With those (rather superficial) caveats, the book is clearly relevant to my research topic of trying to analyse and predict location behaviour using the digital breadcrumbs left by humans in daily life. I'm looking forward to reading the book as I have often found inspiration in Prof. Pentland's research.

The book was given an interesting review by Gillian Tett of the Financial Times last weekend. Her main point of agreement with the book is that the difference between new and old research on human behaviour analysis is due to the size of the data, plus the extent to which that data is interpreted subjectively v.s. objectively (e.g., anthropologists analysing small groups of people v.s. the 10GB that Prof. Pentland collected on 80 call centre workers at an American bank).

So far so good. But she goes on to criticise computer scientists for analysing people like atoms "using the tools of physics" when in reality they can be "culturally influenced too". As someone who uses the tools of physics to analyse behaviour (i.e., simulation techniques and mean field approximations that originated in statistical physics) I think this is false dichotomy.

There are two ways you can read the aforementioned criticism. The first is that statistical models of human behaviour are unable to infer (or learn) cultural influences from the raw data. The second is that the models themselves are constructed under the bias of the researcher's culture.

In the first case, there's nothing to stop researchers from finding new ways of allowing the models to pick up on cultural influences in behaviour (in an unsupervised learning manner), as long as the tools are rich and flexible enough (which they almost certainly are in the case of statistical machine learning).

The second case is more subtle. In my experience, the assumptions that are expressed in my, and my colleagues', models are highly flexible and don't appear to impose cultural constraints on the data. How do I know? I could be wrong, but my confidence in the flexibility of our models is due to the fact that model performance can be quantified with hard data (e.g., using measures of precision/recall or held-out data likelihood). This means that any undue bias (cultural or otherwise) that one researcher imposes will be almost immediately penalised by another researcher coming along and claiming he or she can do "X%" better in predictive accuracy. This is the kind of honesty that hard data brings to the table, though I agree that it is not perfect and that many other things can go wrong with the academic process (e.g., proprietary data making publications impervious to criticism, and the fact that researchers will spend more effort on optimising their own approach for the dataset in question v.s. the benchmarks).

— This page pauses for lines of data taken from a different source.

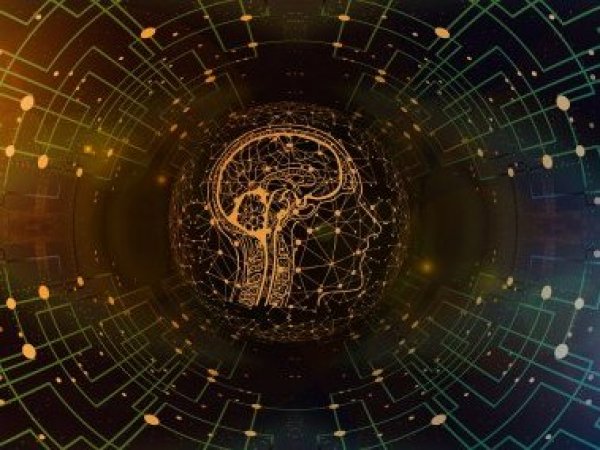 Bullying usando inteligencia artificial.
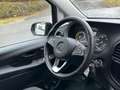 Mercedes-Benz Vito Mixto 116 CDI BT lang 5 Sitze Navi LED Gris - thumbnail 18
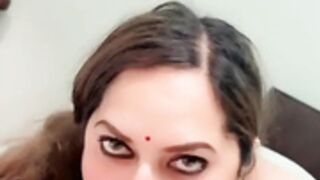 Kamal kaur Bj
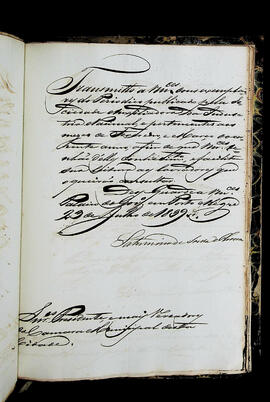 Página 130 - 23/07/1839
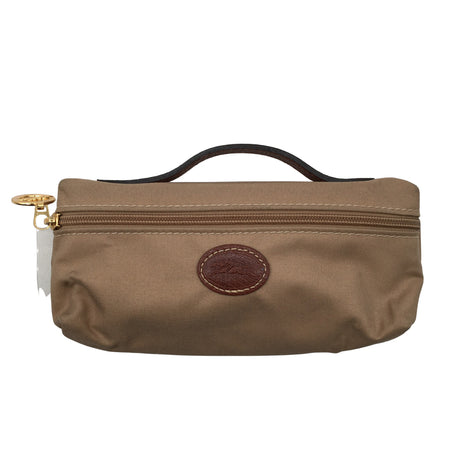 Unisex Longchamp - Toilettilaukku, koko Mini -  ()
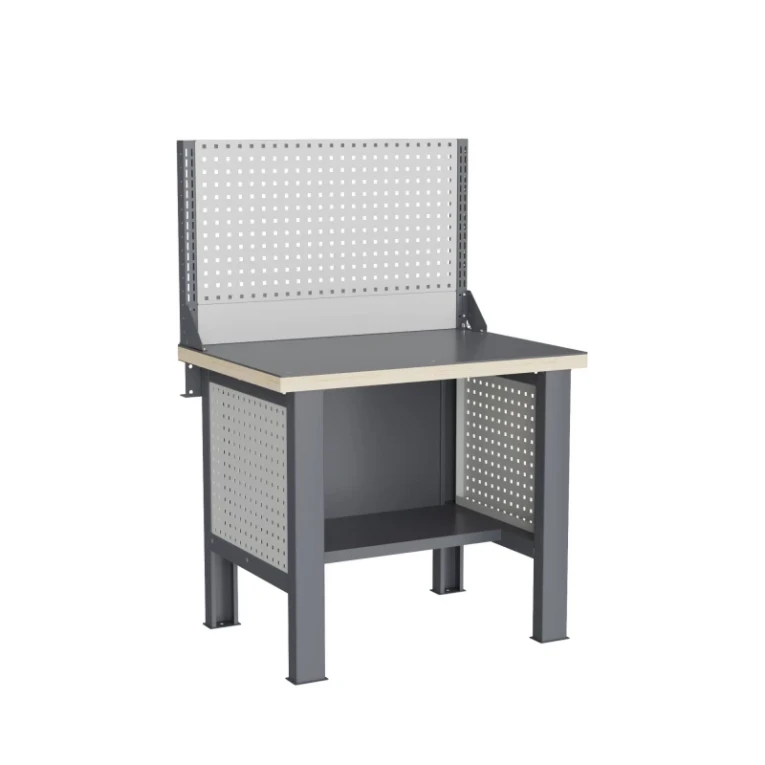 Верстак FBK 1052.11.1-1 купить в Иркутске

My line of argument of course assumes that the data itself is culturally diverse. This wouldn't be the case if the only data we collect and use comes from, for example, university students in developed countries. But the trend is definitely moving away from that situation. Firstly, the amount of data available is growing by a factor of 10 about every few years (driven by data available from social networking sites like Twitter and Foursquare). At a certain point, the amount of data makes user homogeneity impossible, simply because there just aren't that many university students out there! Secondly, forward thinking network operators like Orange are making cell tower data from developing countries available to academic researchers (under very restricted circumstances I should add). So in conclusion, since the data is becoming more diverse, this should force out any cultural bias in the models (if there was any there to start with).

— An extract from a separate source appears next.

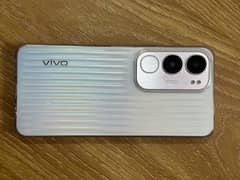 Vivo Y19s  6/128 GB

## The Language of Location

During my work, I've often noticed similarities between language and individual daily life location behaviour (as detected by GPS, cell towers, tweets, check-ins etc.). To summarise these thoughts, I've compiled a list of the similarities and differences between language and location below. I then mention a few papers that exploit these similarities to create more powerful or interesting approaches to analysing location data.

Similarities between Location and Language Data

• Both exhibit power laws. A lot of words are used very rarely while a few words are very frequently used. The same happens with the frequency of visits to locations (e.g., how often you visit home v.s. your favourite theme park). This is not a truism. The most frequently visited locations or words used are *much* more likely to be visited/used than most other places/words.
• Both exhibit sequential structure. Words are highly correlated with words near to them on the page. The same for locations on a particular day.
• Both exhibit topics or themes. In the case of language, groups of words tend to co-occur in the same document (e.g., two webpages that talk about cars are both likely to mention words from a similar group of words representing the "car" topic). In the case of location data, a similar thing happens. I mention two interpretations from specific papers later in this post.
• The availability of both language data and location data has exploded in the last decade (the former from the web, the latter from mobile devices).
• There are cultural differences in using language just as there are cultural differences in location behaviour (e.g., Spanish people like to eat out later than people of other cultures).
• Both are hierarchical. Languages have letters, words, sentences, and paragraphs. A person can be moving around at the level of the street, city, or country (during an hour, day, or week).
• Both exhibit social interactions. Language is exchanged in emails, texts, verbally, or in scholarly debate. Friends, co-workers, and family may have interesting patterns of co-location.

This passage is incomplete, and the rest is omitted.